Sie war eben mit der Arbeit fertig und wollte den Spaten zurücktragen, als sie Helena über den Platz vor der Kirche laufen sah. Mit schnellen Schritten kam die Tochter des Fischers Ernst auf das Pfarrhaus zu, rutschte aus und wäre um ein Haar gestürzt. Kein Wunder, es hatte zu regnen begonnen, und das Wasser gefror augenblicklich auf dem eisigen Boden. Maria blieb an der Haustür stehen, das Werkzeug in der Hand.

»Der Pfarrer muss kommen. Schnell«, brachte Helena atemlos hervor, als sie Maria erreicht hatte. »Es geht zu Ende. Mein Vater will die Beichte ablegen.« Sie zögerte, dann fuhr sie leise fort: »Was er wohl zu beichten hat? Ich kenne kein reineres Herz.« Tränen schimmerten in ihren Augen.

»Ach, Helena, nein!« Maria legte der keuchenden Frau eine Hand auf die Schulter. Das war zu befürchten gewesen. Dass es nun aber so schnell ging … »Geh du zurück zu ihm, mein Vater wird gleich bei euch sein.«

Helena nickte, machte kehrt und lief im gleichen Tempo davon.

»Mach nur langsam!«, schrie Maria ihr nach. »Nicht, dass du dir noch die Beine brichst.« Dann ging sie hinein. »Vater?
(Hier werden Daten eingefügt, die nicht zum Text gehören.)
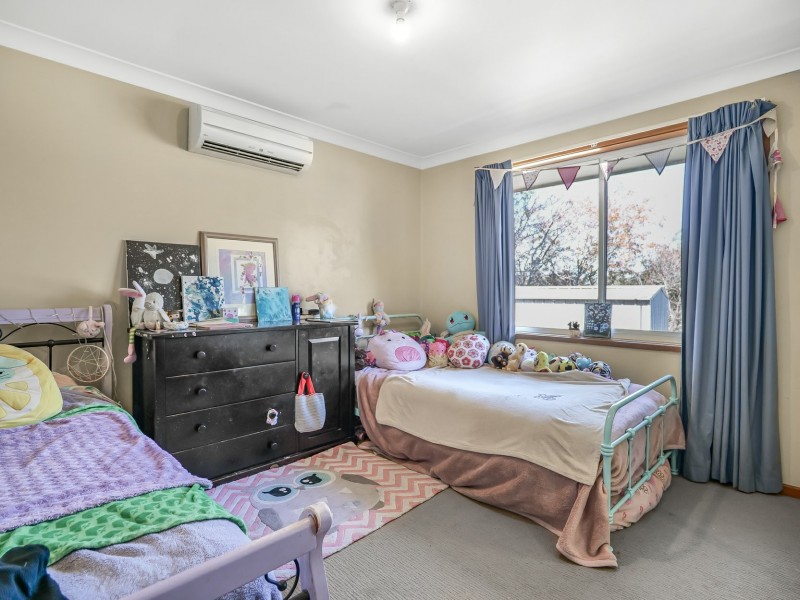 13 Watts Close, Singleton NSW 2330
Der Fischer Ernst liegt im Sterben«, rief sie, während sie eilig in den Keller hinabrannte. Als sie wieder hinaufstieg, nahm sie zwei Stufen auf einmal. Der Schweiß von der anstrengenden Arbeit war auf ihrer Haut getrocknet, sie fröstelte. »Hast du mich gehört?« War er nicht im Hause?

»Gehört ja, aber nicht verstanden«, brummte er.

Hätte er nicht antworten und nachfragen können? Maria seufzte. Es war immer wieder das Gleiche. Manches Mal wusste sie nicht, ob er überhaupt in der Nähe war, weil er, wenn er sie nicht genau verstehen konnte, einfach schwieg. Jetzt war keine Zeit, ihm einen Vortrag zu halten. Sie riss die Tür zur Studierstube auf, in der er früher theologische Abhandlungen verfasst hatte und heute noch seine Predigten schrieb und den Kindern des Dorfes Religionsunterricht erteilte.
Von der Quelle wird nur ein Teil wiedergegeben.